Items listed in a dataset
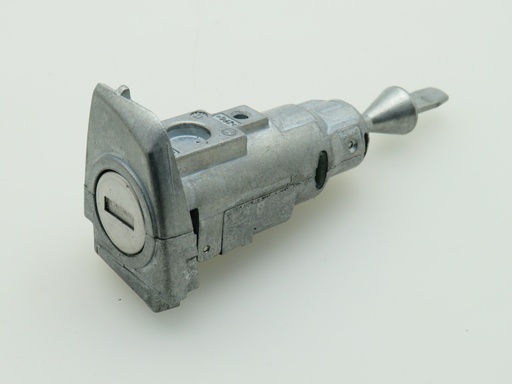 [VW66CP24-OE] CERRADURA PUERTA IZQUIERDA VW GOLF VII HU66 (5G0837167)  - ORIGINAL - 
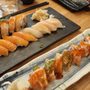 Photo of Minako Sushi
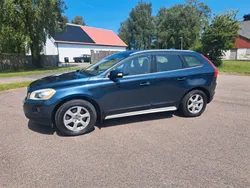 Begagnad 2010 Volvo XC60 Summum SUV | 94 500 kr (Marknadspris)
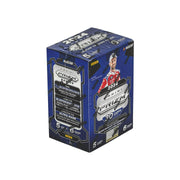 2024 Panini Prizm NASCAR Racing Blaster Hobby 20-Box Case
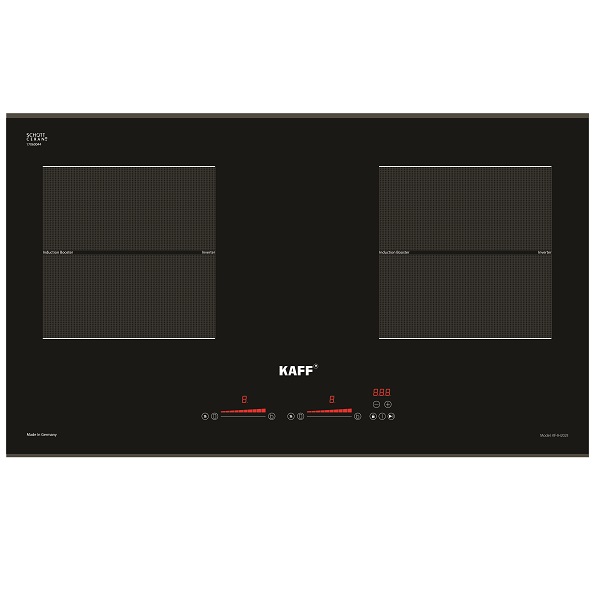 Bếp điện từ KAFF KF-FL99IC MAX NEW - Image 3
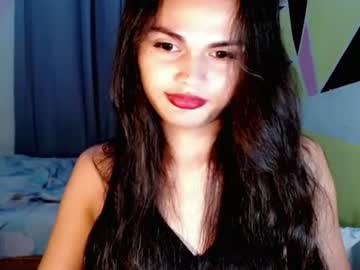 its_mirabel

## Required action
If a record holds a picture, drop the picture and return the rest of it exactly.

## Solved problem
 [VW66CP24-OE] CERRADURA PUERTA IZQUIERDA VW GOLF VII HU66 (5G0837167)  - ORIGINAL - 
 Photo of Minako Sushi
 Begagnad 2010 Volvo XC60 Summum SUV | 94 500 kr (Marknadspris)
 2024 Panini Prizm NASCAR Racing Blaster Hobby 20-Box Case
 Bếp điện từ KAFF KF-FL99IC MAX NEW - Image 3
 its_mirabel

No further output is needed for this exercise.